One of my year 11 girls this semester, who programmed the maths simulation, was a very good programmer - quick, good problem solver, resourceful, prepared to try out different ideas.

However, as her game became became more complex and more bugs arose she became increasingly annoyed and irritated with game maker and made disparaging remarks, "game maker sucks". Nevertheless, when I made suggestions about how to fix the bugs she very quickly did fix them.

She had started blogging on her own (myspace, without my assistance) before last year and has expressed preference for HTML (eg. tweaking HTML in blogger), which she enjoys.

She has decided quite definitely not to do game maker in year 12, even though she definitely has IMO the cognitive skills to become a good programmer. (but not the motivation when it comes to debugging). She plays computer games but doesn't attach high importance to that either.

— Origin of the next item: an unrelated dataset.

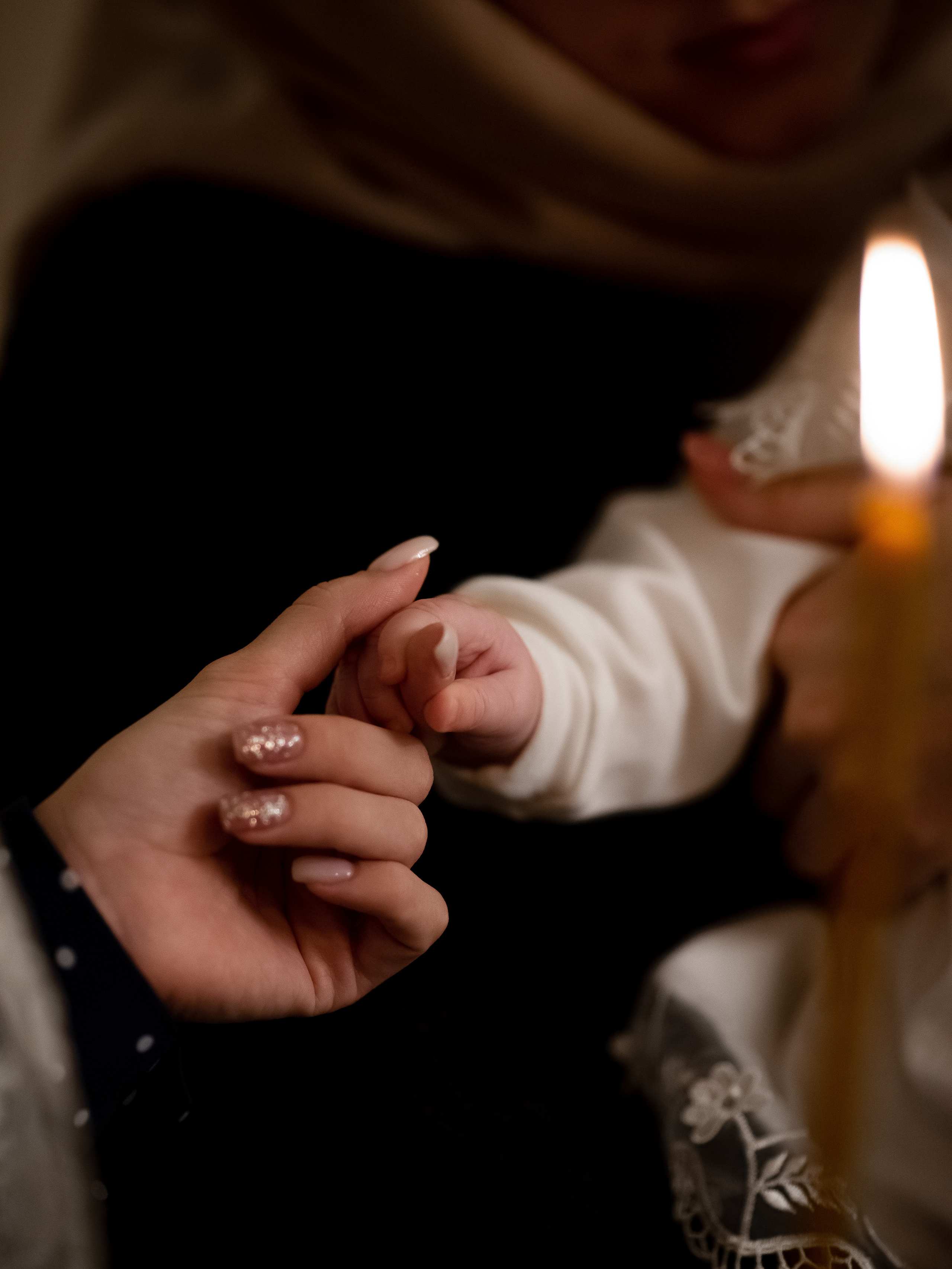 Таинство крещения в храме г. Звенигрод. Фотограф Олеся Бакалина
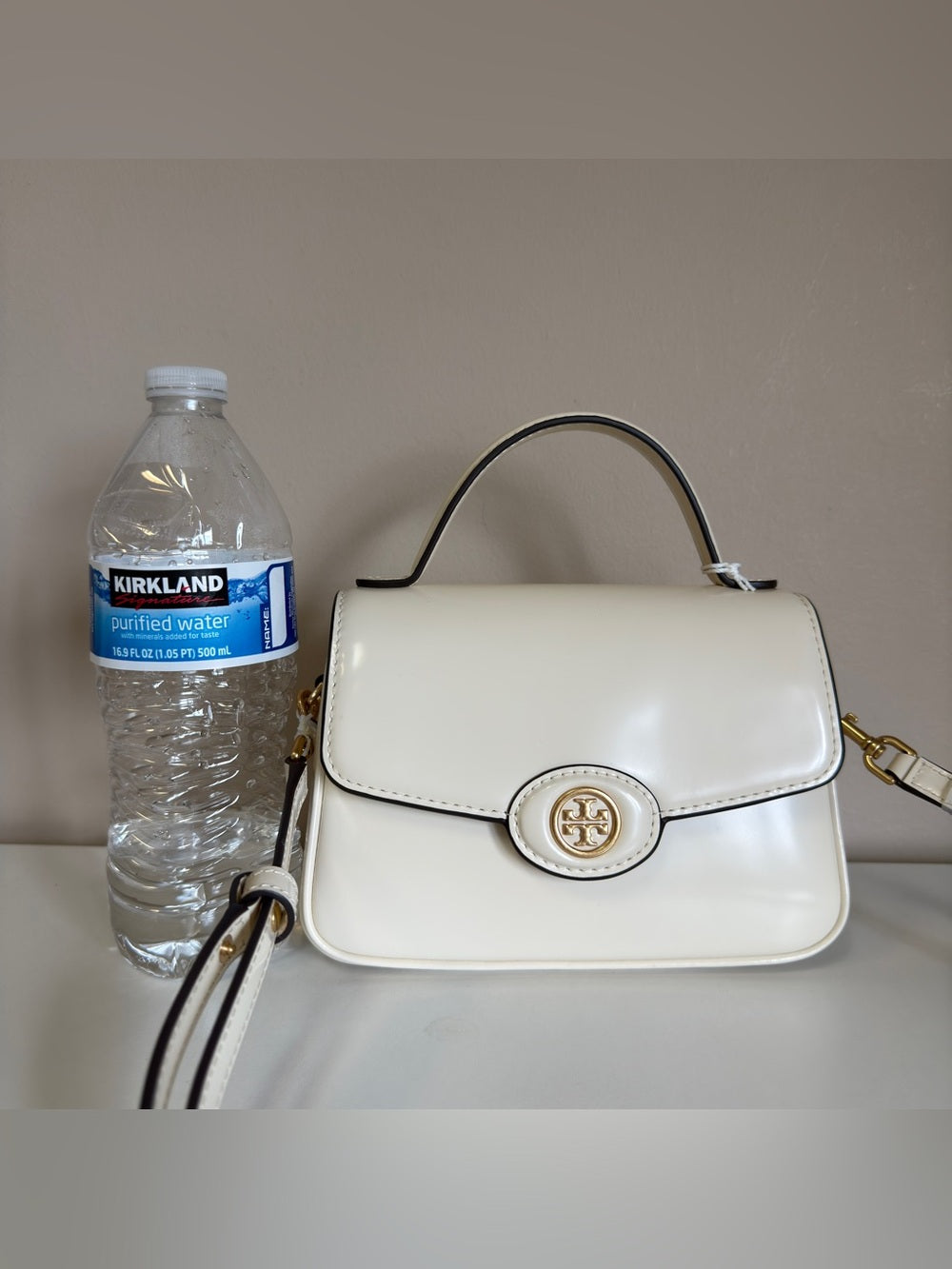 Tory Burch Robinson top handle bag detail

I think this is more of a pattern for girls than it is for boys. I have boys who will put their hand up for more game maker who have less ability than the girl I am talking about.

A few girls in my class have blogs on myspace (nothing to do with me), this is less common amongst boys.

I tend to think the "girl friendly flowers, ponies and fairies in pastel shades" whilst a worthwhile experiment, won't make much difference to this underlying pattern ;-)

Bill Kerr said...

I just heard Mel Levine on Radio National, author of 'A Mind at a Time'.(follow the link for some good amazon reviews - some of them draw links with Gardner's Multiple Intelligences). He is a very good, humane speaker, his descriptions of individual cases are inspiring. The program will be available at allinthemind in the next few days

He defines 8 specific mind systems:

* attention,
* memory,
* language,
* spatial ordering,
* sequential ordering,
* motor,
* higher thinking,
* and social thinking

Some kids are good at some of these things and bad at others. He says that schools often fail with a "one size fits all" approach.

One of his stories was helping a girl who was v. skilled with language and poor with maths by her making a tape after each maths lesson of what she had learnt, of using her stronger side to access her weaker side

My feedback from students about game programming fits into this approach. That some kids love it, others don't.

I think that's the approach we should take - certainly not one that suggests we have the answer for everyone (to make that point explicit, I'm not suggesting that anyone is advocating that).